The last time I had a job interview for a tenure-track job, I was successful and got the job. I had spent 2/3 of my academic career as contingent faculty and felt like I caught the golden snitch. Now, that I am several years past the job interview I am thinking more about the process. I have some points to share based on my experience as the job candidate and sitting on numerous hiring committees between two universities.
You can never be over-prepared. Do your research about the university and the department. You need to speak to the classes you can teach and how you can add to the teaching, learning, research, and overall community in the department. Practice your job talk and teaching talks with friends, who can offer you advice about your presentation and “working” the room. Choose what you’re going to wear for the trip with special care. Be prepared for a jam packed day or days at the campus. You will be scheduled from dusk to dawn to meet everyone on campus.
You likely will meet with students in the department. Make sure that you give them the attention that they deserve. They might not have a vote on your position, but these are the students who you might work with come the next term. Have questions for the students. Some of the student are really invested in who you are and are likely interested in who will join the department.
When you are done with the process, send the department chair a thank you note for the opportunity.
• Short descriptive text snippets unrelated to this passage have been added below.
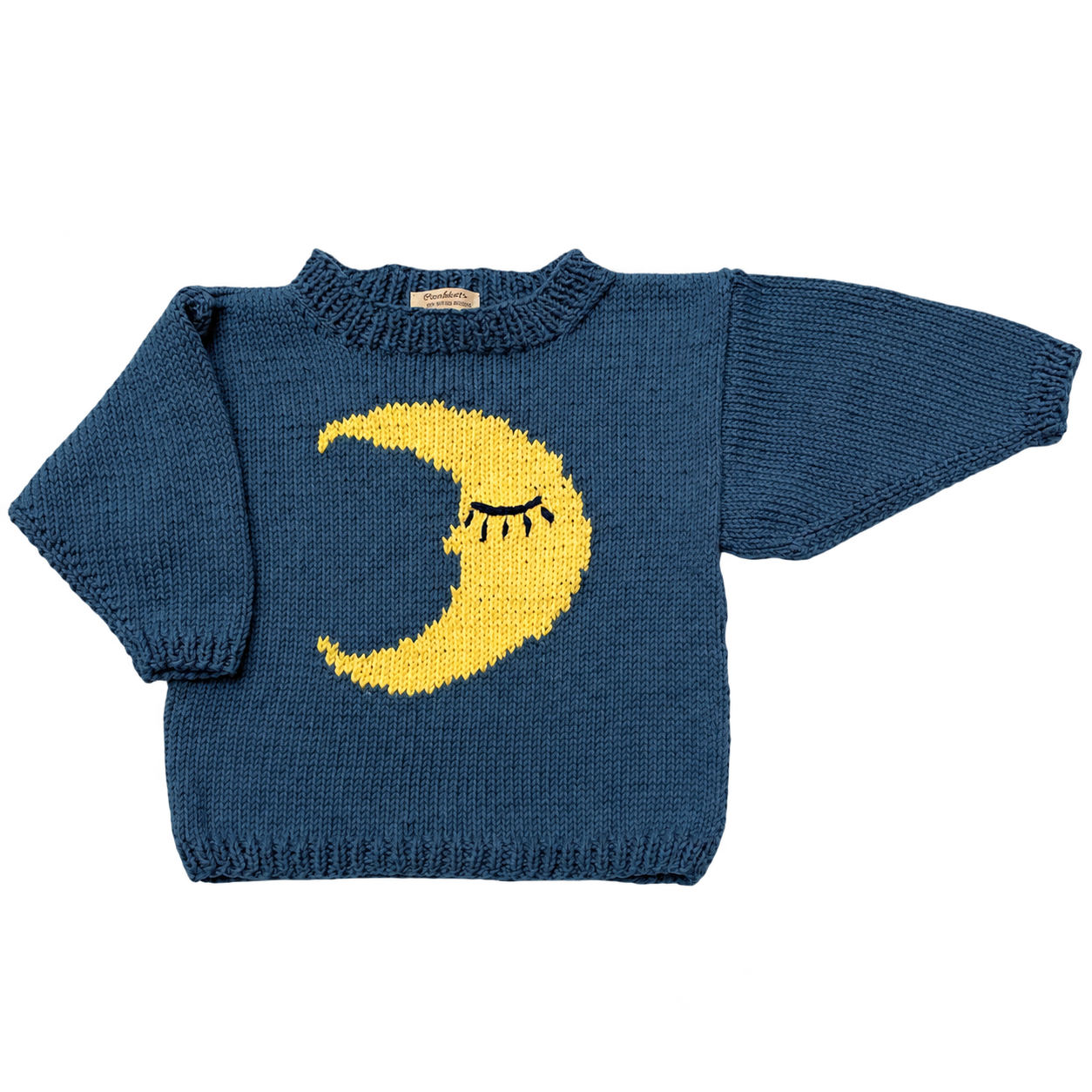 La Luna Jumper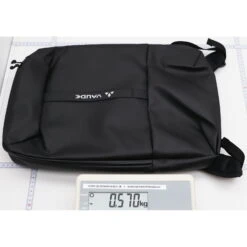 VAUDE Mineo Backpack 17 - Daypack 15 VAUDE Mineo Backpack 17 - Daypack -Campfreunde Geschäft vaude mineo backpack 17 daypack vau 16087 0100 24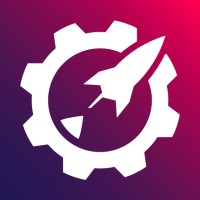 Trubotics logo - Similar company to Unbranded Ai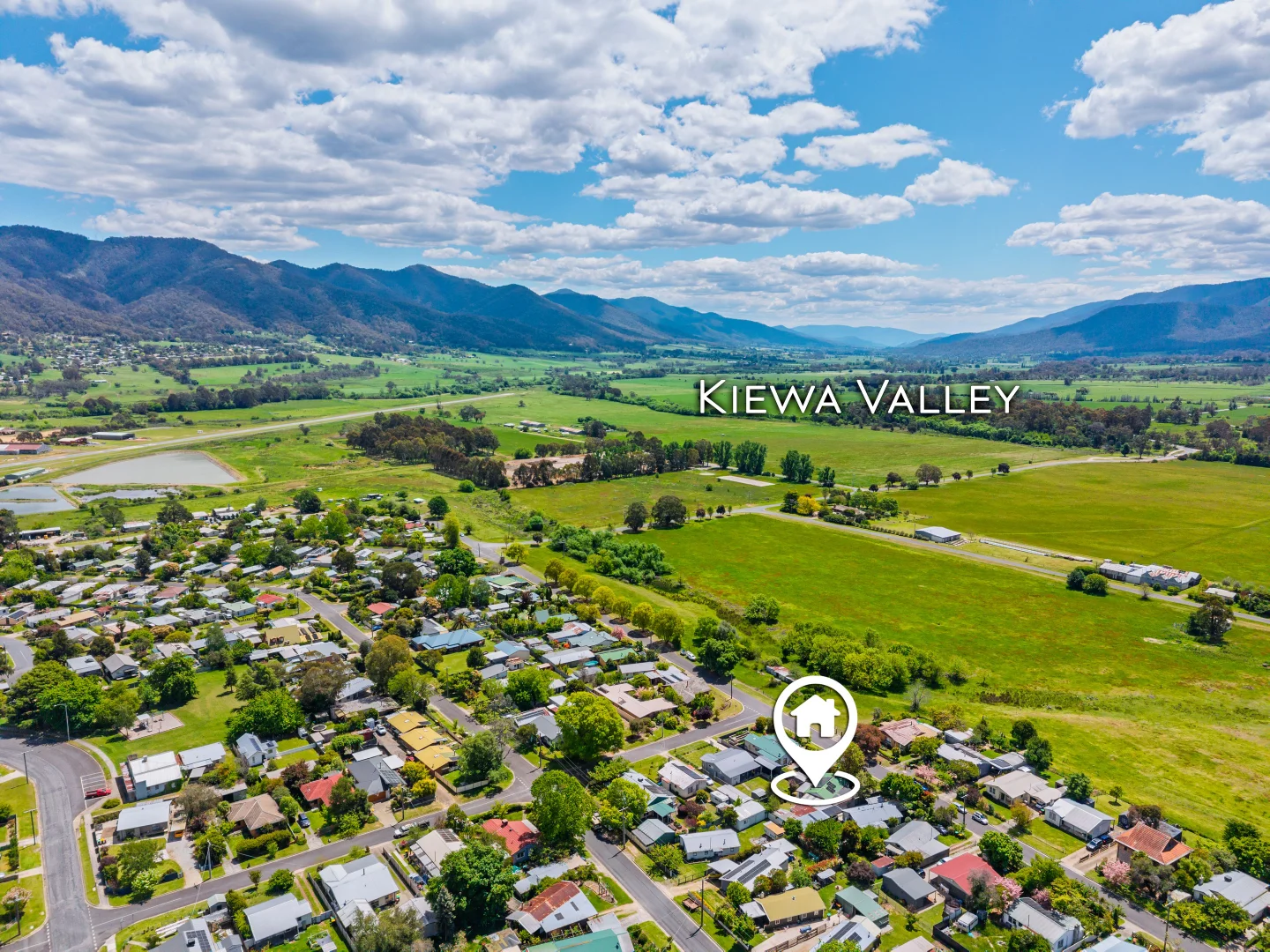 Additional image 4 of 36 Valley Avenue, Mount Beauty VIC 3699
Odd things that happened to me during my last interview process:
1. A student came up to me and let me know that he supported my candidacy, but the student course union did not. I smiled and reminded him that the course union does not have a vote. However, I will say this. The student leaders with their closed arms during my talk was something that I remembered for the next school year, and then let go. When some of them later approached me for letters of reference, I was surprised. Their behavior was rude.
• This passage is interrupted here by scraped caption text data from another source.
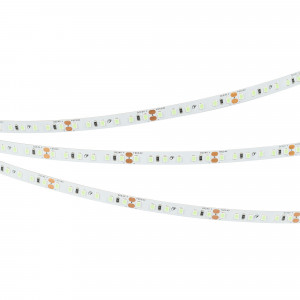 Лента RT-A120-8mm 24V Mint Blue (9.6 W/m, IP20, 5m) 043382(1), Светодиодная лента RT-A120, открытая. Светодиоды 2835, 120 шт/м (600 шт на 5 м), белая плата, ширина 8 мм, скотч 3M. Цвет БИРЮЗОВЫЙ, угол 120°. Питание 24V, мощность 9.6 Вт/м (48 Вт на 5 м). Размеры 5000x8x1.5 мм. Мин. отрезок 50 мм, 6 светодиодов. Цена з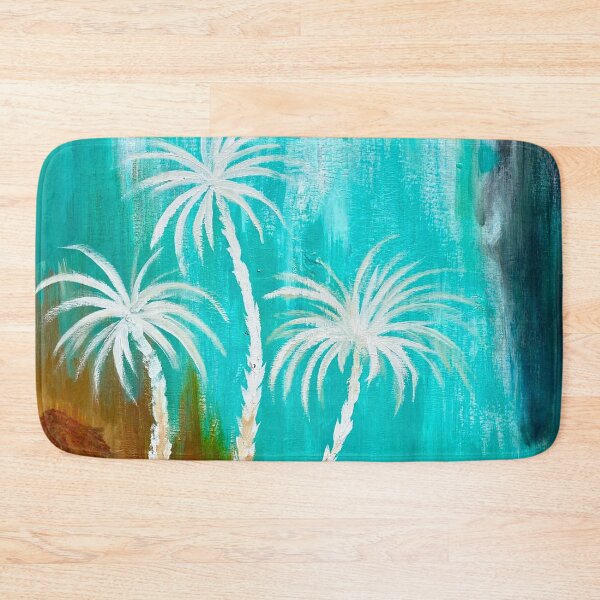 Item preview, Palm Painting  designed and sold by MatrixTattoo.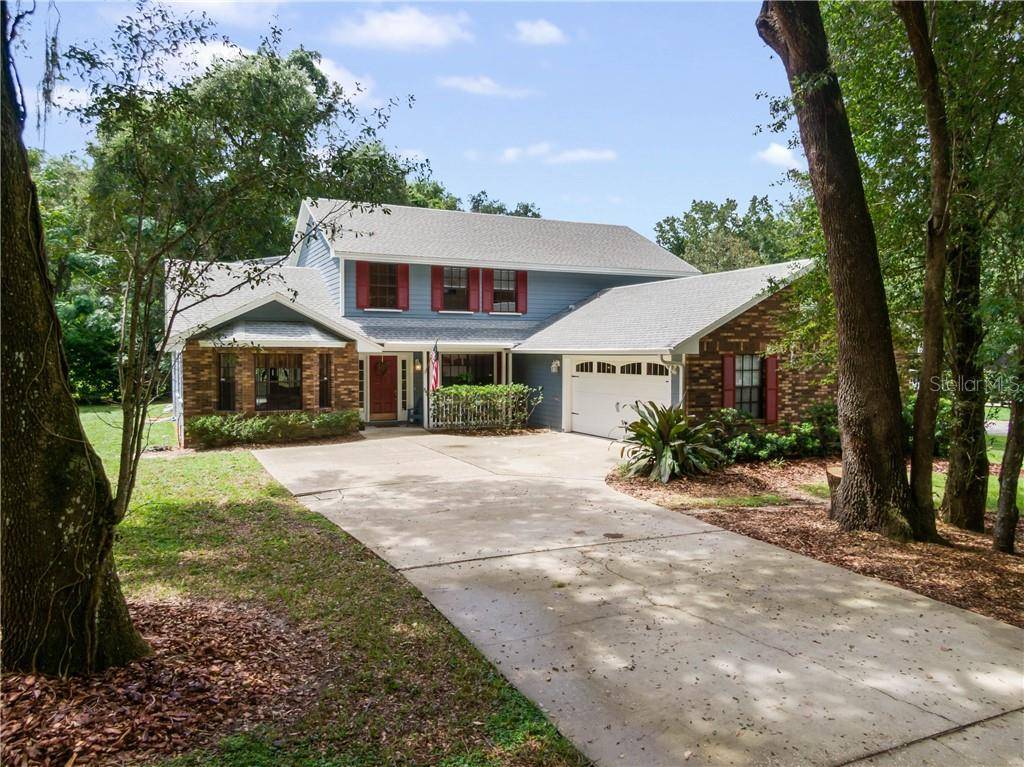 Apopka, FL 32712,816 HICKORY KNOLL CT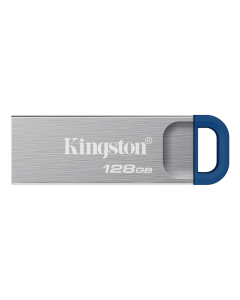 Kingston DataTraveler Kyson 128GB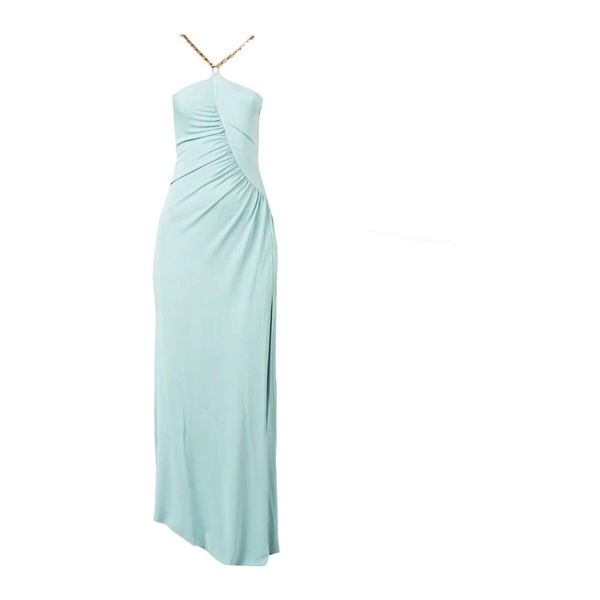 Elegant Long Dress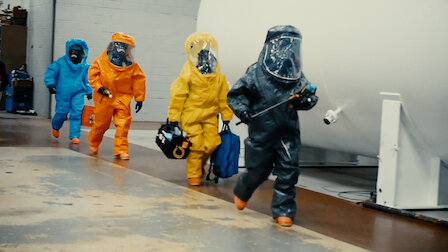 Watch Deadly Poisons. Episode 2 of Season 1.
2. Hiring brings out the best and worst in the hiring committee and you have little control over this. There is often different factions in a department and this is not about you, but perhaps your supervisor or old arguments in the department.
3. If you work at the campus where you’re interviewing, you will see the other candidates getting escorted around campus, at lunch, and elsewhere. Roll with it.
4. If someone falls asleep during your job talk, do not take it personally. I have seen this happen and was surprised, and felt terrible for the job candidate. If you do something silly, recover. I recall one job applicant coughing out his mint. He recovered well. I don’t remember his name, but I remember how smooth he was with the issue.
5. Be prepared for things you cannot control, people coming to your presentation late, texting during it, and making sour faces after you answer a question. While this behavior is uncollegial, at times it is really not about you.
Related to the five brief points: be gracious. If you get an interview, you will feel like you won the lottery. Do not lose the ticket, and prepare for the interview.
This is the first of a few posts related to the interview process.
Hi Janni. Great article! So many life lessons for us all, regardless of our vocation. Cheers.
Thanks, Shane! I’ve been thinking about the academic job interview lots recently. I have more to say…thanks for reading!
Oh my. Someone fell asleep?!? Sigh…
Yep. Not my talk, but another’s. It was something.